Two Tablespoons (1oz.) of un-popped kernels makes about 1 Quart of popped
popcorn. One cup of plain, air popped popcorn has about 19 calories. One cup of
plain popcorn popped in oil has about 54 calories.
Popcorn Oil
Most domestic cooking oils, such as Corn Oil or Peanut Oil, are satisfactory
for popping popcorn. Professional popcorn oils, such as Coconut or Canola, are
the best because they are a superb blend of highly refined oil and special
seasonings, without the addition of wax. Popcorn Oil insures maximum
popability, enhances the flavor of each kernel, and is easily digestible.
Popcorn Oil does not require refrigeration - it will not get rancid at room
temperature. It will not get sticky on the popper, nor will it burn or smoke at
the high temperatures required to pop corn.
Coconut Oil is the most common oil used by professionals. It produces the
"Movie Theater" taste and smell. It remains solid at room temperature. It is a
"fully saturated" popping oil and will not form black varnish inside and
outside your kettle. It will not turn rancid as will virtually every "liquid"

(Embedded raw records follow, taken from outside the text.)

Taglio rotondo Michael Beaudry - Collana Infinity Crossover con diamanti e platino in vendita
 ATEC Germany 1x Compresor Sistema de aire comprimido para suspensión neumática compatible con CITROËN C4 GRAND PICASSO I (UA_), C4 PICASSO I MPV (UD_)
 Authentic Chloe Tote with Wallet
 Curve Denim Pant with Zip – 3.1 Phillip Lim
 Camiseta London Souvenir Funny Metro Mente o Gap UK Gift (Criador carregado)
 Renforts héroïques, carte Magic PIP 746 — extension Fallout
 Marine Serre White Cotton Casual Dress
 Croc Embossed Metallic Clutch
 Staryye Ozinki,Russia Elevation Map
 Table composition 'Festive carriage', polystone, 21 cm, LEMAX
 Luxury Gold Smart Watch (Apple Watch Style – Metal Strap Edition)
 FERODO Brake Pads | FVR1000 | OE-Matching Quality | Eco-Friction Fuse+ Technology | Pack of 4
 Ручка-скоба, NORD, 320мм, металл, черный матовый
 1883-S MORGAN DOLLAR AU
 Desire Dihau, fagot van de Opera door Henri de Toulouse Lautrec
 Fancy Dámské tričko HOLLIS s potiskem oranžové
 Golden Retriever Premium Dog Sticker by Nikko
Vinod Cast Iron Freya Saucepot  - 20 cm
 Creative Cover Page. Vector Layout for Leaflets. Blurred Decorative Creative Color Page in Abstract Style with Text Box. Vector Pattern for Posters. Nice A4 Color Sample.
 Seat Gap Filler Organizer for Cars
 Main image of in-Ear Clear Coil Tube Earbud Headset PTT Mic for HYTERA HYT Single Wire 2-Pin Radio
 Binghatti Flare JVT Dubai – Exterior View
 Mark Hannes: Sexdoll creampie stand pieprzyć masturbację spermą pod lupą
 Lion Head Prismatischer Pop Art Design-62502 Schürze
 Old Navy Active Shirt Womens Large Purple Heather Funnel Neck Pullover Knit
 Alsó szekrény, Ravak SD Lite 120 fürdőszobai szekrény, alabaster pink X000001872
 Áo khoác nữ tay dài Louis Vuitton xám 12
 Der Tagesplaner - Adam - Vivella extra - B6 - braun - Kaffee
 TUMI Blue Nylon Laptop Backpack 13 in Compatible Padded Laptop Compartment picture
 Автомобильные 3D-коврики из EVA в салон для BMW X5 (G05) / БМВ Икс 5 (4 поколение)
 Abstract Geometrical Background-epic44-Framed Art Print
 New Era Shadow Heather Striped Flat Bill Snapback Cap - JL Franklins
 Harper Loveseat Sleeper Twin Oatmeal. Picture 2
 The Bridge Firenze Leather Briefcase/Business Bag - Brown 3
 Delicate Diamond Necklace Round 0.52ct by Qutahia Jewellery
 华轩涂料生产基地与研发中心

oil. Because it does not produce a soggy product, popcorn popped in coconut oil
will keep for weeks in a tightly sealed container. DO NOT USE butter,
margarine or lard to pop corn, as these oils tend to burn and produce excessive
smoke when heated to high temperatures.
For the best results use four parts kernels to 1 part oil (for example 1 Cup
popcorn kernels uses 1/4 Cup oil).
Popcorn Salt
Ordinary table salt can be used to season popcorn, but most table salt is
too course and the crystals will not stick to the kernels. The flavor of
popcorn can be enhanced by using a fine popcorn salt or Flavacol ( a finely
concentrated butter flavored, yellow colored popcorn salt).
White salt can be put in the popper with the unpopped kernels or sprinkled on
after all kernels are popped. Flavacol must be put in the popper with the
un-popped kernels for best results. It works very well in a stove top popper
also. You should use about 1/4 tsp. of Flavacol for 1/4 Cup popcorn kernels.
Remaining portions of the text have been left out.